----- Exercise material -----

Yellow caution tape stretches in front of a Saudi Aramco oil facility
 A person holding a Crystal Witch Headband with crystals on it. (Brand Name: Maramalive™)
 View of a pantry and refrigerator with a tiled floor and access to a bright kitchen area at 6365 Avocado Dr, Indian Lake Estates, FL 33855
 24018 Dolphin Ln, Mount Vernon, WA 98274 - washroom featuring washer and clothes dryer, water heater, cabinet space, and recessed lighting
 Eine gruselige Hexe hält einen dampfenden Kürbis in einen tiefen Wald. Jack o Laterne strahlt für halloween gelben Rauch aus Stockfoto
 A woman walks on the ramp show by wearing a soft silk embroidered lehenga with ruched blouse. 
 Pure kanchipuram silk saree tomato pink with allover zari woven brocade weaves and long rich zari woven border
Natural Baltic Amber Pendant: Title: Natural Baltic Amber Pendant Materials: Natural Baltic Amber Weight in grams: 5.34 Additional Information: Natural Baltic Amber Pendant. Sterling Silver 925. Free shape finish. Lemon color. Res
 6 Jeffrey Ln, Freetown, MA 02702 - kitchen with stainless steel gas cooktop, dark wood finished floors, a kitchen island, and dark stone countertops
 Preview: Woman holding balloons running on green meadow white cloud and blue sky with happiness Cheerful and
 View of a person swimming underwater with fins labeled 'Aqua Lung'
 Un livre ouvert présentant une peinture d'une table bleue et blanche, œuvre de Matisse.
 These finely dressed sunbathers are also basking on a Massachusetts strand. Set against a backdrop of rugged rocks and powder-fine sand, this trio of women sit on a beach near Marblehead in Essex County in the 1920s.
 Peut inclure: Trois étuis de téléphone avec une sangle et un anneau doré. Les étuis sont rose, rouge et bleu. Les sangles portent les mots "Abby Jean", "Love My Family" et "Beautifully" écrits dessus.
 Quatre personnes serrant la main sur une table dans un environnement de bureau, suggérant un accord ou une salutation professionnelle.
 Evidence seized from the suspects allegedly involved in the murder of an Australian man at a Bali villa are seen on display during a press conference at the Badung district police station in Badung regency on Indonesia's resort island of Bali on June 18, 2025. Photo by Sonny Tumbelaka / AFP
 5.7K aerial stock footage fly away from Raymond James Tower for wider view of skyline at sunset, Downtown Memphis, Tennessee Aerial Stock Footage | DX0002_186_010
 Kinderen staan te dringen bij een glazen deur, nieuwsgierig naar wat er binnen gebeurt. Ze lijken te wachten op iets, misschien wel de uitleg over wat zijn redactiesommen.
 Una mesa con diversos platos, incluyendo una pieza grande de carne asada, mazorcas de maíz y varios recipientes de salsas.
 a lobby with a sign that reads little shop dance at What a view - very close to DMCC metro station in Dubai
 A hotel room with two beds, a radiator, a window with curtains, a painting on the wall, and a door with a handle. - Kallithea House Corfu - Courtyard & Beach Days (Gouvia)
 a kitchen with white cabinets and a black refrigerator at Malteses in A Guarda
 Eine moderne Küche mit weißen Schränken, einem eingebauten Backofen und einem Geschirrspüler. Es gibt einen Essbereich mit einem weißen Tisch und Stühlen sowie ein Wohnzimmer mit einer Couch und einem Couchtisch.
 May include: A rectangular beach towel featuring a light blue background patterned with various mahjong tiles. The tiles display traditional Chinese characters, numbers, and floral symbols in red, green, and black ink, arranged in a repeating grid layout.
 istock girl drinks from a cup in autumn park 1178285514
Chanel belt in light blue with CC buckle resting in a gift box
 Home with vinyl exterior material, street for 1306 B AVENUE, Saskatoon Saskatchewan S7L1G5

-----

Please make an exact copy of the entries, down to the last character.

Yellow caution tape stretches in front of a Saudi Aramco oil facility
 A person holding a Crystal Witch Headband with crystals on it. (Brand Name: Maramalive™)
 View of a pantry and refrigerator with a tiled floor and access to a bright kitchen area at 6365 Avocado Dr, Indian Lake Estates, FL 33855
 24018 Dolphin Ln, Mount Vernon, WA 98274 - washroom featuring washer and clothes dryer, water heater, cabinet space, and recessed lighting
 Eine gruselige Hexe hält einen dampfenden Kürbis in einen tiefen Wald. Jack o Laterne strahlt für halloween gelben Rauch aus Stockfoto
 A woman walks on the ramp show by wearing a soft silk embroidered lehenga with ruched blouse. 
 Pure kanchipuram silk saree tomato pink with allover zari woven brocade weaves and long rich zari woven border
Natural Baltic Amber Pendant: Title: Natural Baltic Amber Pendant Materials: Natural Baltic Amber Weight in grams: 5.34 Additional Information: Natural Baltic Amber Pendant. Sterling Silver 925. Free shape finish. Lemon color. Res
 6 Jeffrey Ln, Freetown, MA 02702 - kitchen with stainless steel gas cooktop, dark wood finished floors, a kitchen island, and dark stone countertops
 Preview: Woman holding balloons running on green meadow white cloud and blue sky with happiness Cheerful and
 View of a person swimming underwater with fins labeled 'Aqua Lung'
 Un livre ouvert présentant une peinture d'une table bleue et blanche, œuvre de Matisse.
 These finely dressed sunbathers are also basking on a Massachusetts strand. Set against a backdrop of rugged rocks and powder-fine sand, this trio of women sit on a beach near Marblehead in Essex County in the 1920s.
 Peut inclure: Trois étuis de téléphone avec une sangle et un anneau doré. Les étuis sont rose, rouge et bleu. Les sangles portent les mots "Abby Jean", "Love My Family" et "Beautifully" écrits dessus.
 Quatre personnes serrant la main sur une table dans un environnement de bureau, suggérant un accord ou une salutation professionnelle.
 Evidence seized from the suspects allegedly involved in the murder of an Australian man at a Bali villa are seen on display during a press conference at the Badung district police station in Badung regency on Indonesia's resort island of Bali on June 18, 2025. Photo by Sonny Tumbelaka / AFP
 5.7K aerial stock footage fly away from Raymond James Tower for wider view of skyline at sunset, Downtown Memphis, Tennessee Aerial Stock Footage | DX0002_186_010
 Kinderen staan te dringen bij een glazen deur, nieuwsgierig naar wat er binnen gebeurt. Ze lijken te wachten op iets, misschien wel de uitleg over wat zijn redactiesommen.
 Una mesa con diversos platos, incluyendo una pieza grande de carne asada, mazorcas de maíz y varios recipientes de salsas.
 a lobby with a sign that reads little shop dance at What a view - very close to DMCC metro station in Dubai
 A hotel room with two beds, a radiator, a window with curtains, a painting on the wall, and a door with a handle. - Kallithea House Corfu - Courtyard & Beach Days (Gouvia)
 a kitchen with white cabinets and a black refrigerator at Malteses in A Guarda
 Eine moderne Küche mit weißen Schränken, einem eingebauten Backofen und einem Geschirrspüler. Es gibt einen Essbereich mit einem weißen Tisch und Stühlen sowie ein Wohnzimmer mit einer Couch und einem Couchtisch.
 May include: A rectangular beach towel featuring a light blue background patterned with various mahjong tiles. The tiles display traditional Chinese characters, numbers, and floral symbols in red, green, and black ink, arranged in a repeating grid layout.
 istock girl drinks from a cup in autumn park 1178285514
Chanel belt in light blue with CC buckle resting in a gift box
 Home with vinyl exterior material, street for 1306 B AVENUE, Saskatoon Saskatchewan S7L1G5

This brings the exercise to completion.